(WORK TO COMPLETE): For this exercise, write out only the lines of the entries below from the one with "Chicago, IL 60657" up to and including the one with "oversized t-shirt mit lippenabdruck", exactly as they are. Pictures stay out.

(DATA FOR ANALYSIS):
^^^^^^^^^^^^^^^^

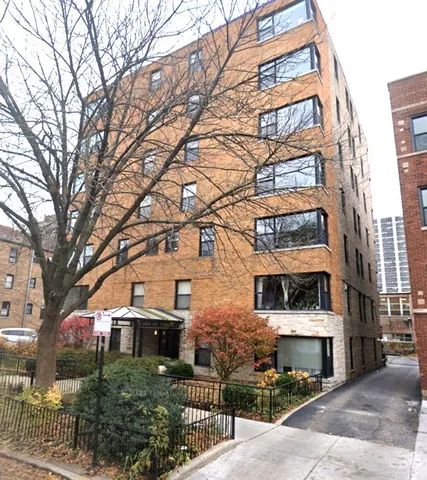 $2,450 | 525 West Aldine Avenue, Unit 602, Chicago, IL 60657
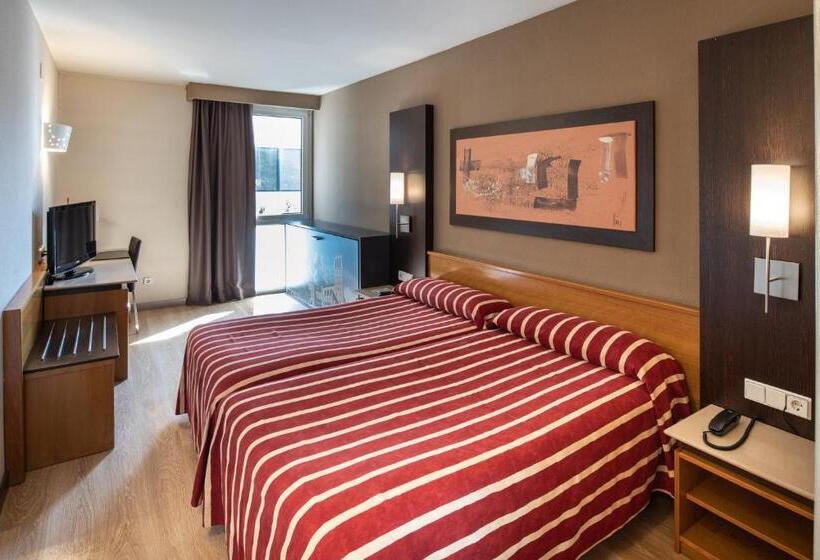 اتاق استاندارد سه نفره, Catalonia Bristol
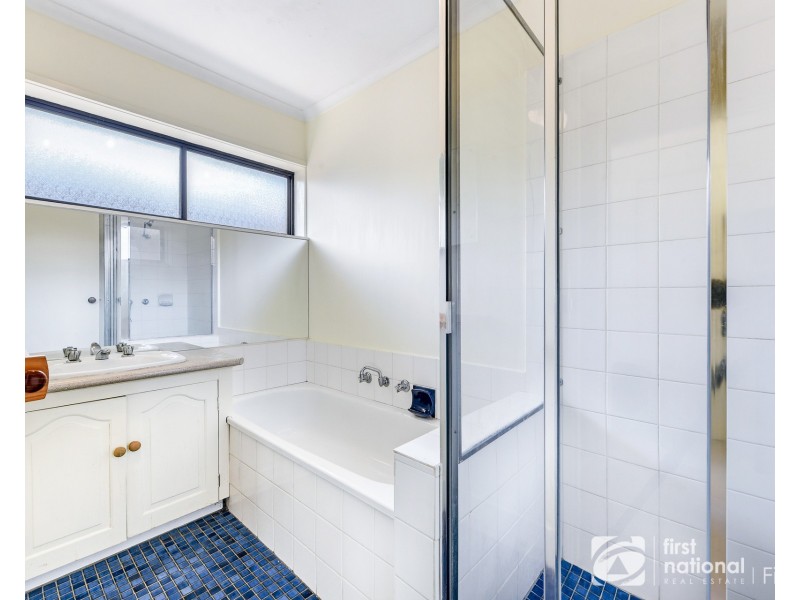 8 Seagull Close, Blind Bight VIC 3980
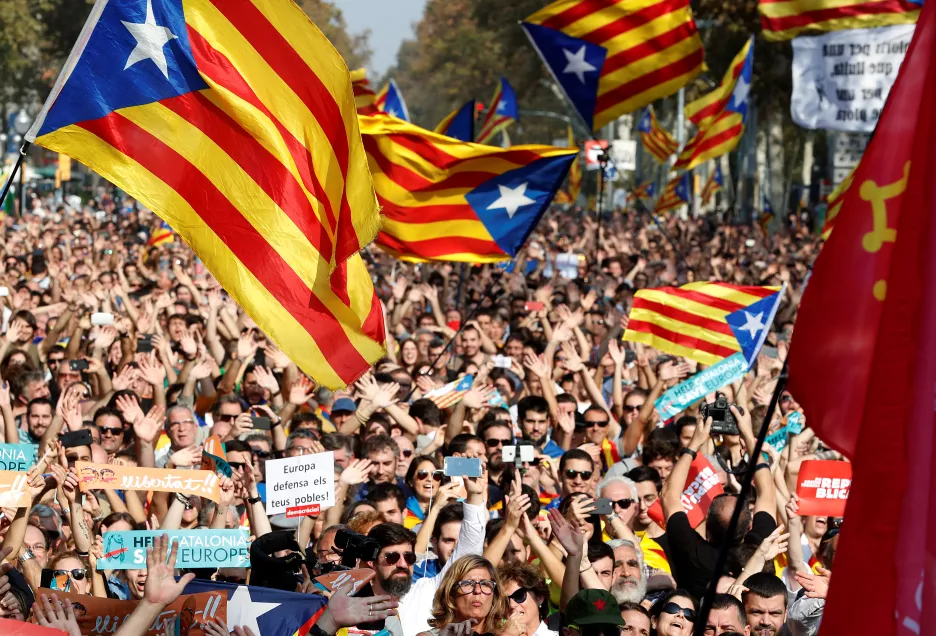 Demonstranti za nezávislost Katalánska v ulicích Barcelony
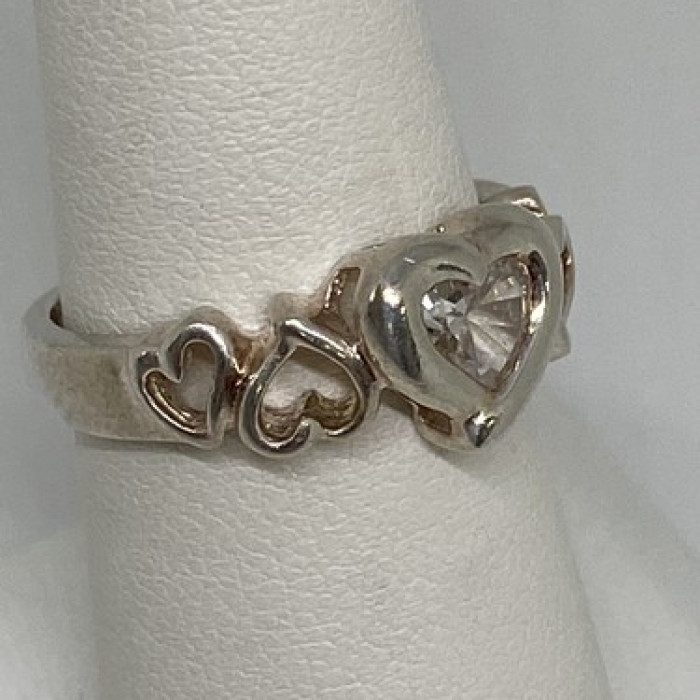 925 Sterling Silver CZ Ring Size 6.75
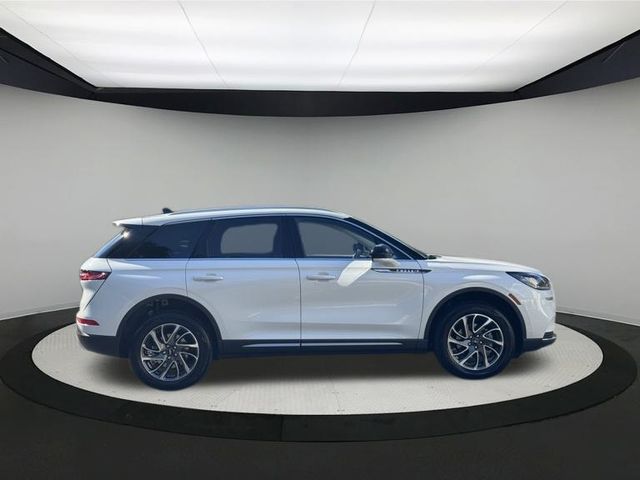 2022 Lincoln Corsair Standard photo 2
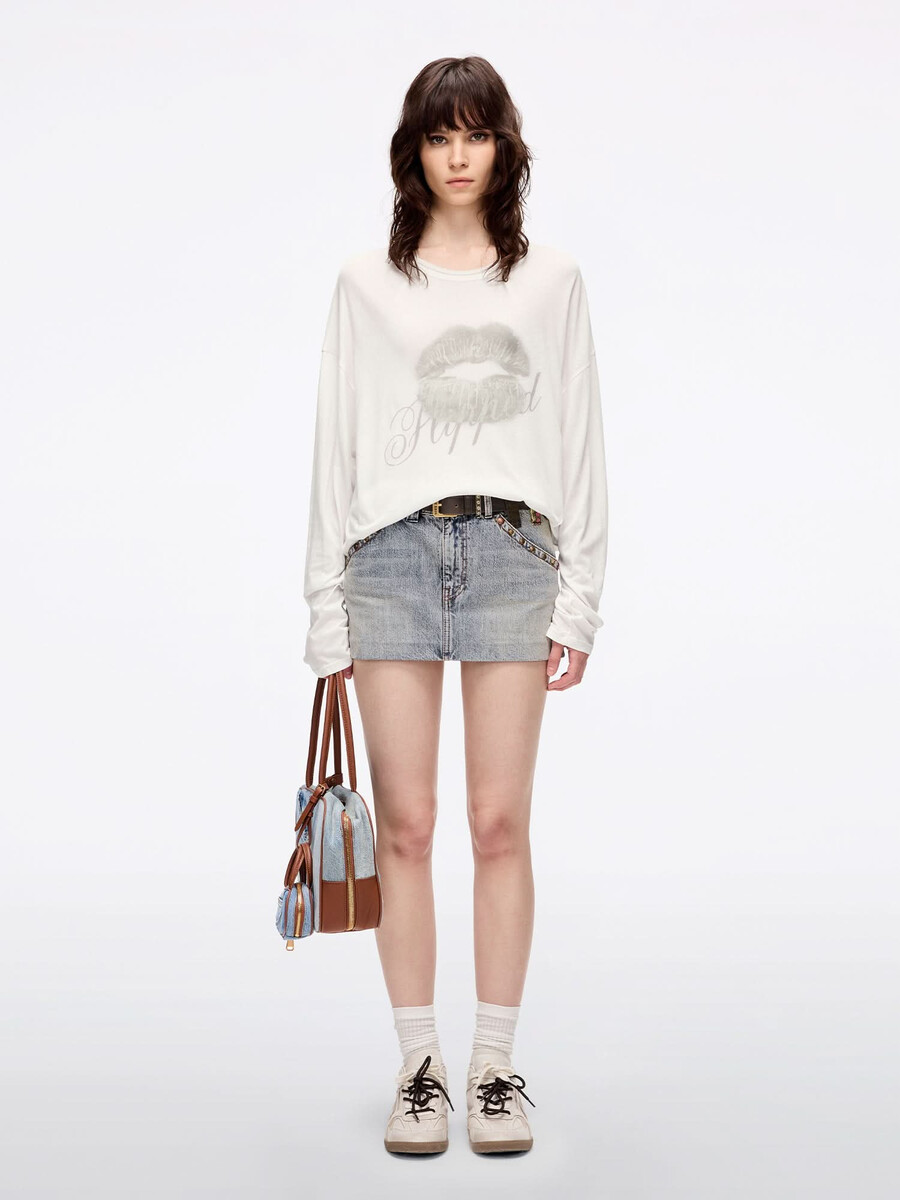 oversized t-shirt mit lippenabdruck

^^^^^^^^^^^^^^^^

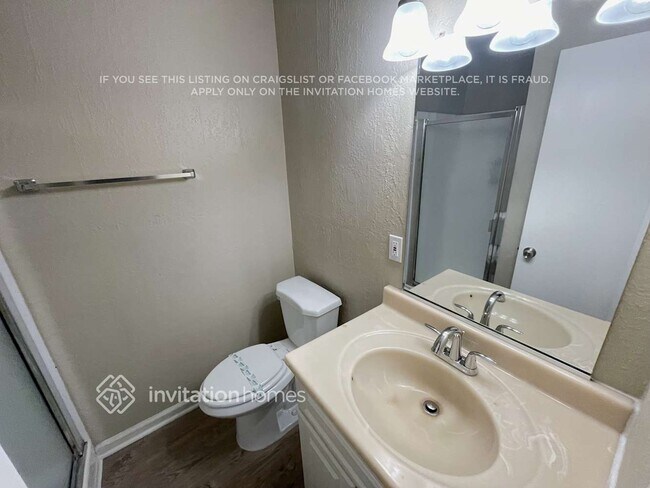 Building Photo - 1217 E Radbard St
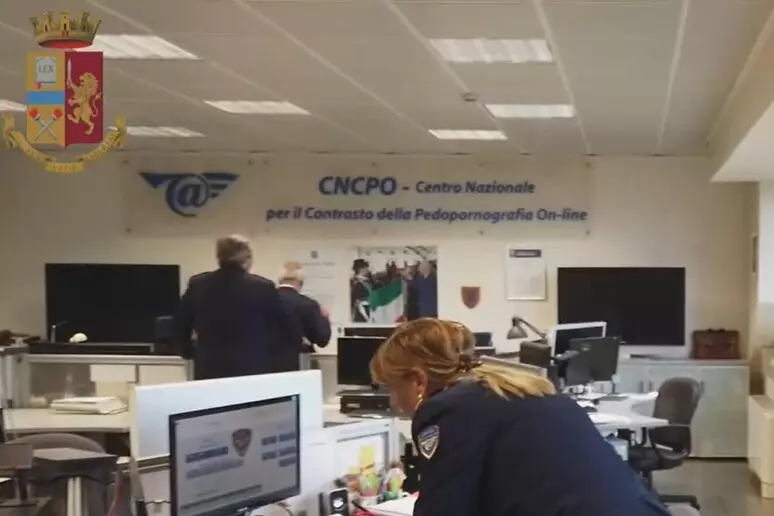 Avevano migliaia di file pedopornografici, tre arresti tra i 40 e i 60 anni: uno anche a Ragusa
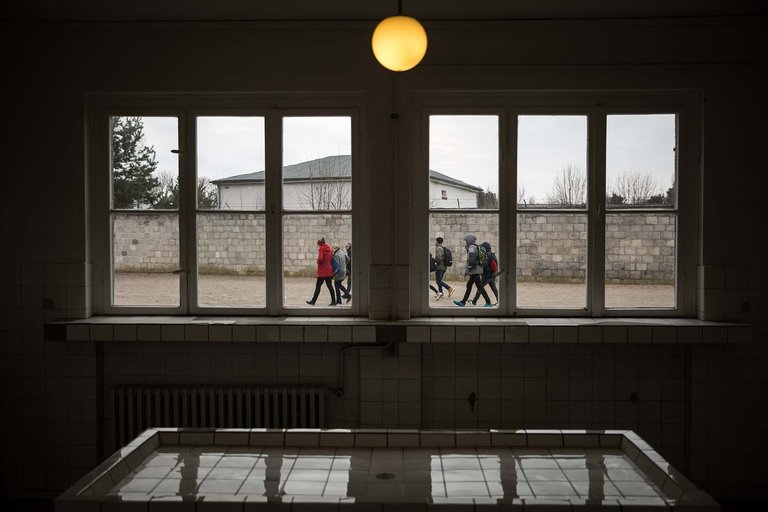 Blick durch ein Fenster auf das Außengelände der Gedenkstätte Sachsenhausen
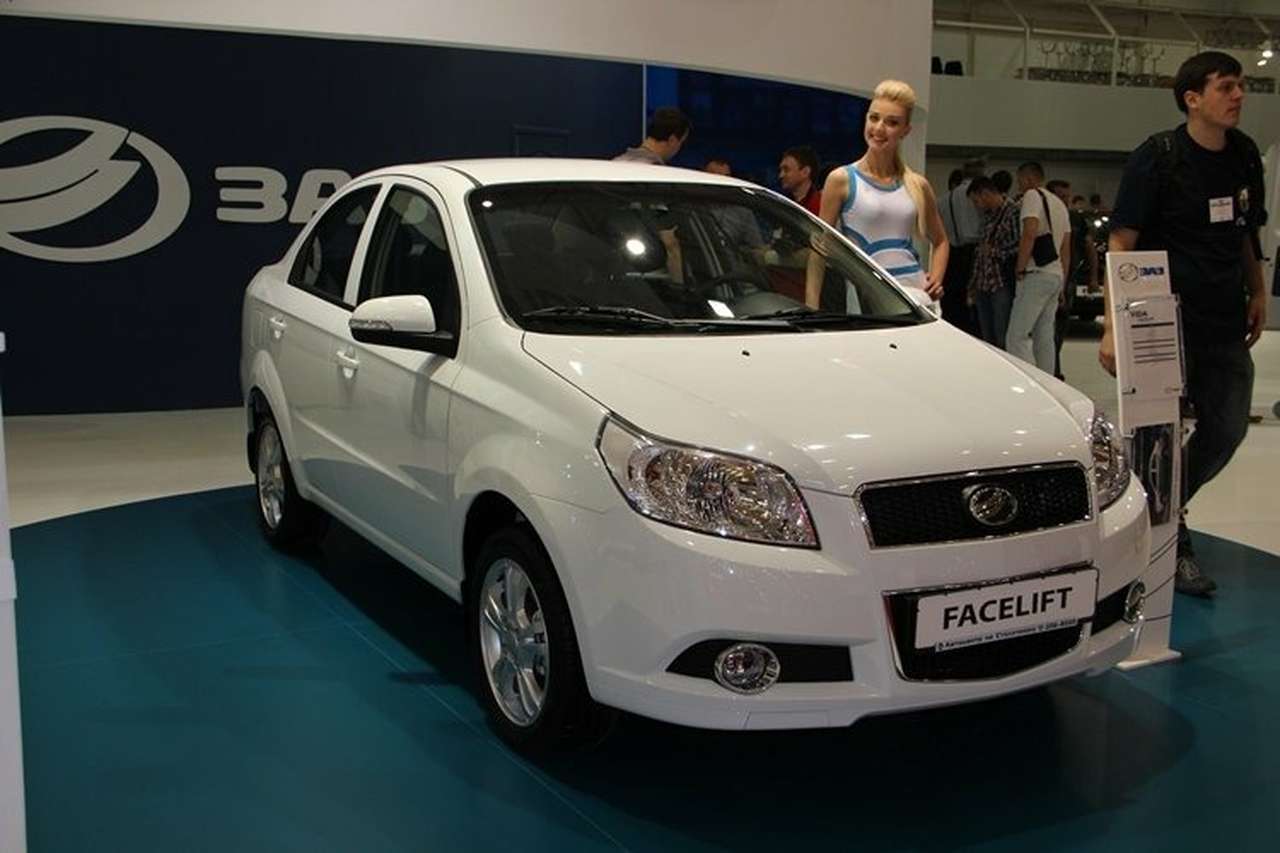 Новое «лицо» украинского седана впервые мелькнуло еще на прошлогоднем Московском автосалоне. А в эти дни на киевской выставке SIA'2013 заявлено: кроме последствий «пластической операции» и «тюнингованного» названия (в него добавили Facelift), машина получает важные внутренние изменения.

^^^^^^^^^^^^^^^^

(COMPLETED EXERCISE):
 $2,450 | 525 West Aldine Avenue, Unit 602, Chicago, IL 60657
 اتاق استاندارد سه نفره, Catalonia Bristol
 8 Seagull Close, Blind Bight VIC 3980
 Demonstranti za nezávislost Katalánska v ulicích Barcelony
 925 Sterling Silver CZ Ring Size 6.75
 2022 Lincoln Corsair Standard photo 2
 oversized t-shirt mit lippenabdruck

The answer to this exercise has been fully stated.